I’ve been writing about the covert Israeli campaign that targeted top American and European influencers and pushed the notion that the Soviet Union was on the verge of carrying out a genocide against its Jews. Among those sucked into the campaign was Martin Luther King, Jr.
This isn’t meant as a criticism of MLK. To me, it’s interesting because it offers a very early (and almost unknown) example of Israel waging a covert influence campaign to move domestic American politics in a direction beneficial to Israel.
Back then, Israel was obsessively trying to attract Jews to move to the Holy Land. In America, this campaign was mostly a flop — American Jews didn’t want to move. And so its only other available source was in the Soviet Union, home to an estimated two million Jews. Israel wanted to pressure the Soviet Union into allowing its Jews to move to Israel, and it decided to pursue this goal indirectly…to do it through America. It wanted Americans to put pressure on the United States government to put pressure on the Soviet Union…and so its agents devised a secret campaign and worked hard for years to promote the notion that Soviet Jews might be exterminated unless Americans did something.
This turned out to be one of most successful soft power ops carried out by Israel. In the end it helped pry open the Soviet Union just like Israel wanted. And it directly affected my life. It's why my family left the USSR.
Anyway…an early example this campaign is when Moshe Decter, a budding neocon operator and Israel’s agent in New York, used his contacts in the civil rights movement to get MLK on board in 1963 as one of the big name cosponsors of a covert PR front called the Conference on the Status of Soviet Jews. It was launched during an event in New York and spent the rest of the 1960s engaging in all sorts of letter-writing and publicity campaigns, spreading the false notion that something horrible was about to happen to Jews in the Soviet Union. You can see MLK’s name prominently displayed on the group’s letterhead.
From a 1967 letter included in a propaganda pamphlet that warned of Jewish “extinction” in the Soviet Union.
But this was not the only time MLK unwittingly took part in the campaign.
There was also his involvement with the American Jewish Conference on Soviet Jewry, an umbrella organization that brought together American Jewish orgs to agitate the issue in a united front. It had been set up in 1963 with help from Nativ’s secret agents inside the Israeli consulate in New York. The Anti-Defamation League, B’nai B’rith, and the American Jewish Committee were some of the big name organizations involved in running it, while a Supreme Court Justice and two sitting Senators — Jacob Javits and Abraham Ribicoff — kicked off its founding event.
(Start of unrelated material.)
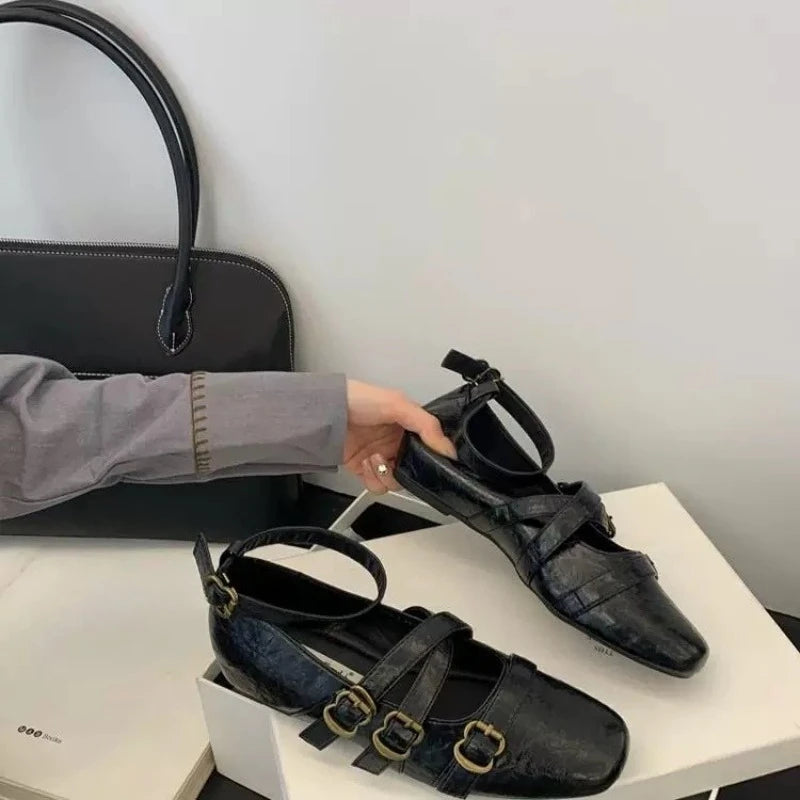 2025 New Square Toe Heightened Inner Mary Jane Women's Shallow Mouth One Buckle Women's Shoes Versatile Flat Single Shoes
In 1966, the American Jewish Conference on Soviet Jewry held a high profile get-together in New York to build momentum on the Soviet Union’s Jewish Question. That’s where MLK came in. He was asked to give a talk. And he did, dialing in from his home to give a short speech that was broadcast to Jewish organizations across America by telephone, an early form of realtime audio streaming. It was a big deal at the time. Just about every major and minor Jewish organization took part in the event, which was held at the Cooper Union in New York after a big student march through Manhattan.
I had come across MLK’s involvement in the Save the Soviet Jews campaign and noticed that he had given a speech or two. But I never actually took the time to read what he had said. Well, I just did. Sean Guillory — of the great SRB Podcast — sent me a link to his original speech notes for the 1966 event.
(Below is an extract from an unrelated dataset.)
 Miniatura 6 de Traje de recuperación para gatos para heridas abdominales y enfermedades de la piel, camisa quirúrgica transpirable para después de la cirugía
Looking at his words now, I gotta admit that they bring out the cynic in me. I mean, here you have a towering figure of the Civil Rights Movement — a man who would be killed for his politics just two years later — using his moral authority to agitate for what is at root an ethno-nationalist campaign to build out racially pure Jewish homeland.
It was a short speech, just typed two pages. Looking at the original notes and revisions and comparing them to the text of the address MLK actually delivered, it looks like he punched up the victimization rhetoric in a massive way. As you can see above, he crossed out a long passage about the fact that no widespread discrimination against Jews exists in the Soviet and instead added references to Nazi Germany and words like “genocide” and “extinction.” He also drew a parallel between the black struggle for liberation and equality in America with what’s happening to the Jews in the Soviet Union, a ridiculous comparison.